熱源方式に関する次の記述のうち、最も不適当なものはどれか。

  1. 地域冷暖房システムは、地域内の建築物や施設(需要家)同士が相互に熱を融通し、効率的に熱需要に対応する方式である。
  2. ヒートポンプ方式は、1台の機器で冷水又は温水、あるいは必要に応じて冷水と温水を同時に製造するものがある。
  3. 吸収冷凍機+蒸気ボイラ方式は、空調以外の給湯・洗浄・消毒等の用途に高圧蒸気を必要とする病院、ホテル、工場等での採用例が多い。
  4. コージェネレーション方式は、エンジンなどを駆動して発電するとともに、排熱を回収して利用する方式である。
  5. 蓄熱システムは、熱源設備により製造された冷熱・温熱を計画的に効率よく蓄熱し、必要な時に必要な量だけ取り出して利用するシステムである。

 

 

 

 

 

正解 (1)

 解 説     

(1)が誤りです。

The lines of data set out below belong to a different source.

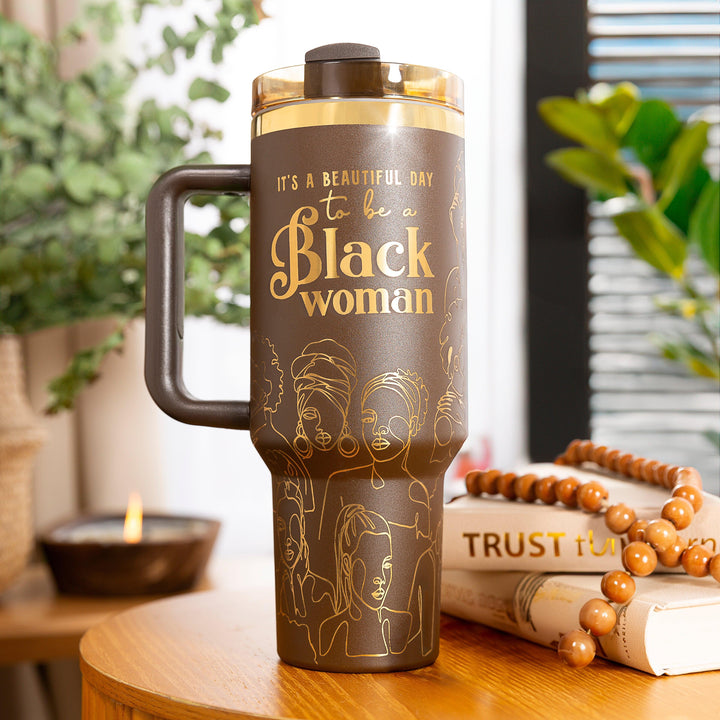 Brown Sugar (4th Anniversary) 40oz Insulated Tumbler – "It's a Beautiful Day to be a Black Woman"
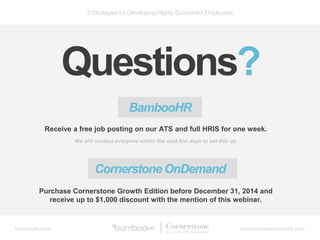 5 Strategies for Developing Highly Successful Employees
bamboohr.com cornerstoneondemand.com
Questions?
BambooHR
Receive a...
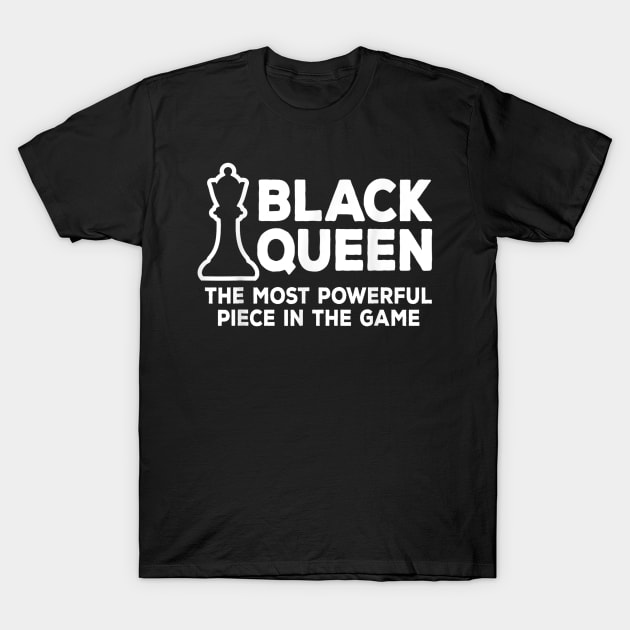 Black Queen Most Powerful Chess African American Women Gifts T-Shirt by FêriStore'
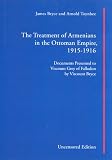 The Treatment of Armenians in the Ottoman Empire 1915-1916: Documents Presented to Viscount Grey of Fallodon by Viscount Bryce (Gomidas Institute Books Series)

地域冷暖房システムは、一定地域内の建築物に対して、熱源プラントで製造した熱媒を供給する方式です。この方式は、熱源装置の大型化・集約化・集中管理化により、安全性や効率性が向上します。

(2)は正しいです。ヒートポンプ方式は、1台で温熱源と冷熱源を兼ねることができます。

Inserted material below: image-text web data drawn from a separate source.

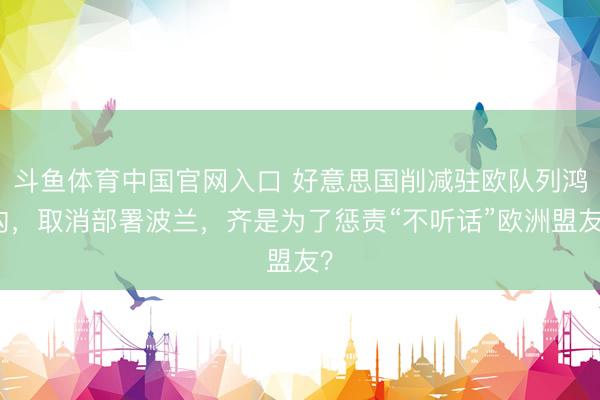 斗鱼体育中国官网入口 好意思国削减驻欧队列鸿沟，取消部署波兰，齐是为了惩责“不听话”欧洲盟友？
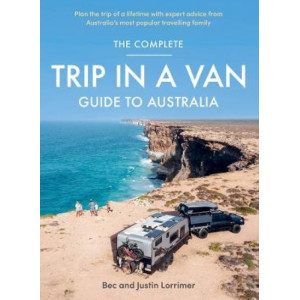 Complete Trip in a Van Guide to Australia, The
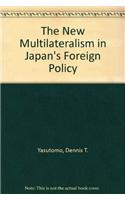 The New Multilateralism in Japan's Foreign Policy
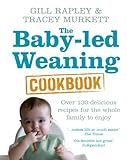 The Babyled Weaning Cookbook Over 130 Delicious Recipes For The Whole Family To Enjoy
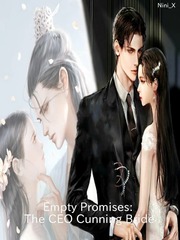 Empty Promises: The CEO Cunning Bride Escape The Night Novel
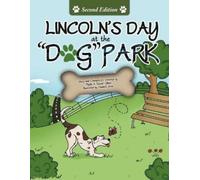Phyllis A Russell-Gilme Lincoln's Day At The Dog Park Second Editio (Tascabile)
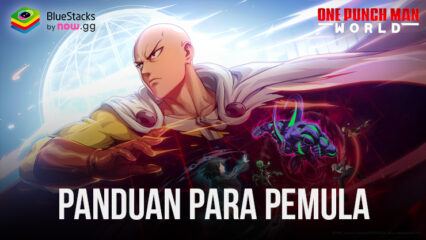 Panduan Pemula – Progress Saat Kamu Bermain One Punch Man World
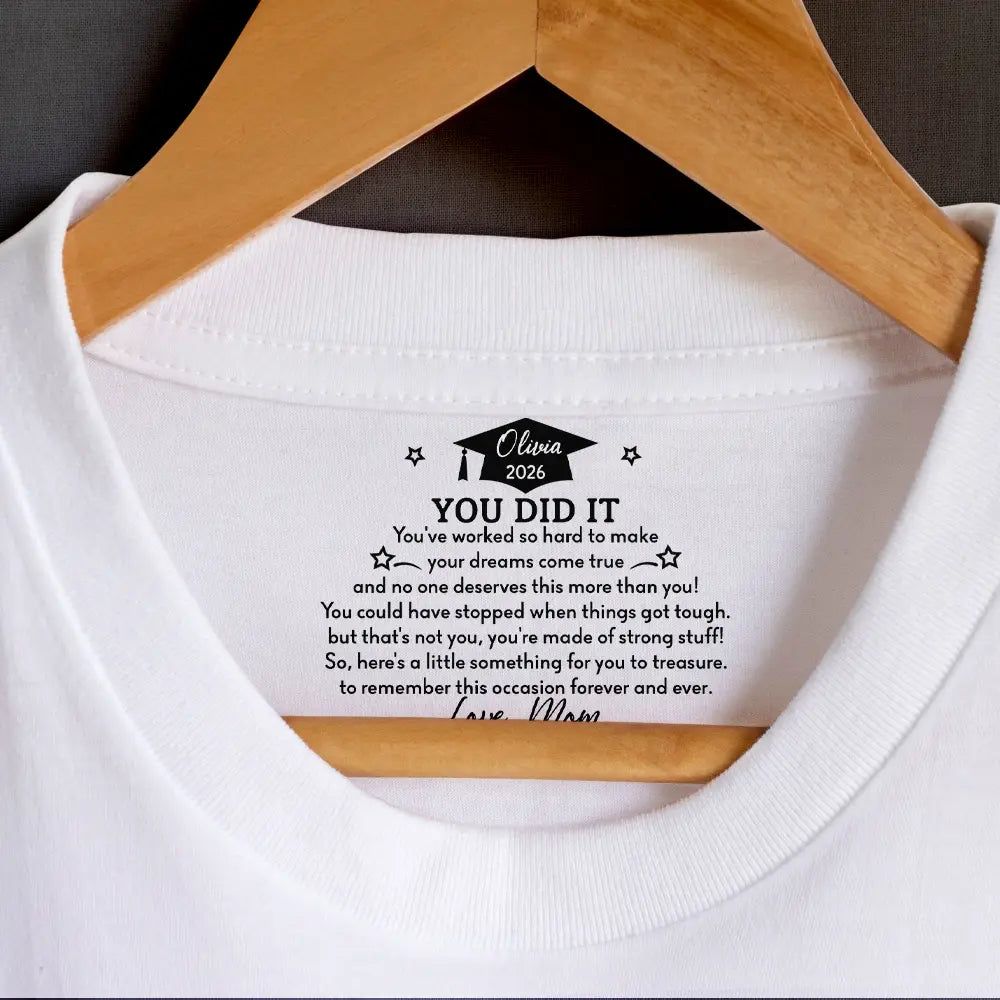You've Worked So Hard To Make Your Dreams Come True - Personalized T Shirt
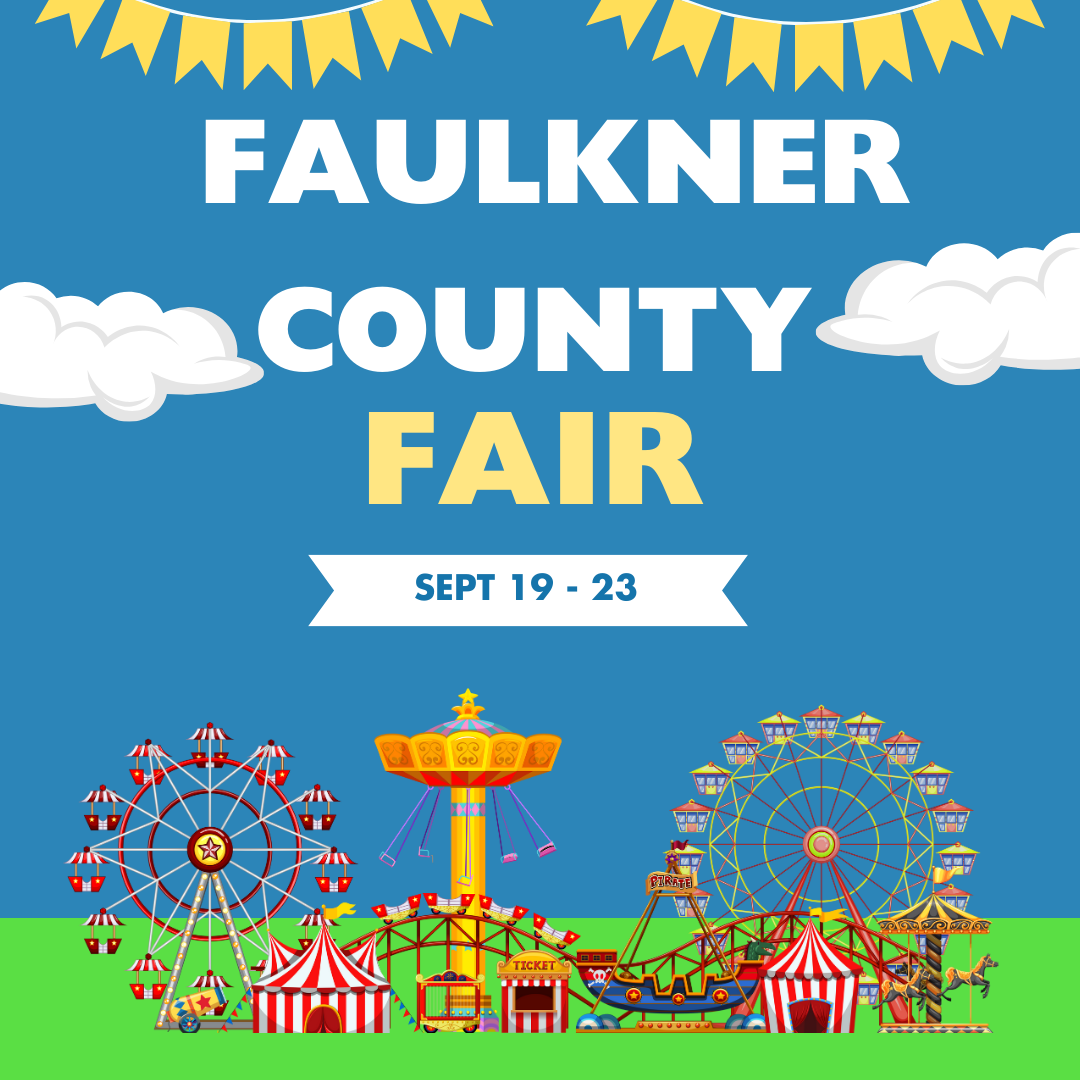 Picture of fairgrounds with ferris wheels and a roller coaster, with text that says Faulkner County Fair, Sept 19 - 23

(3)も正しいです。吸収冷凍機+蒸気ボイラ方式は、年間を通じてガスまたは油が使用され、冷熱源に冷水、温熱源に蒸気を用いる方式です。この方式を使うのは、空調以外の給湯・洗浄・消毒等の用途に高圧蒸気を必要とする施設(病院、ホテル、工場など)が多いです。

(4)も正しいです。コージェネレーションとは、燃料の燃焼などによって発電すると同時に、燃焼排熱を空気調和や給湯などに利用することで、総合的に高いエネルギー利用効率を得るというエネルギー供給システムのことです。

(5)も正しいです。蓄熱システムは、熱源設備により製造された冷熱・温熱を計画的に効率よく蓄熱し、必要な時に必要な量だけ取り出して利用するシステムです。これにより、電力負荷平準化や熱源装置容量削減を実現できます。

以上から、正解は(1)となります。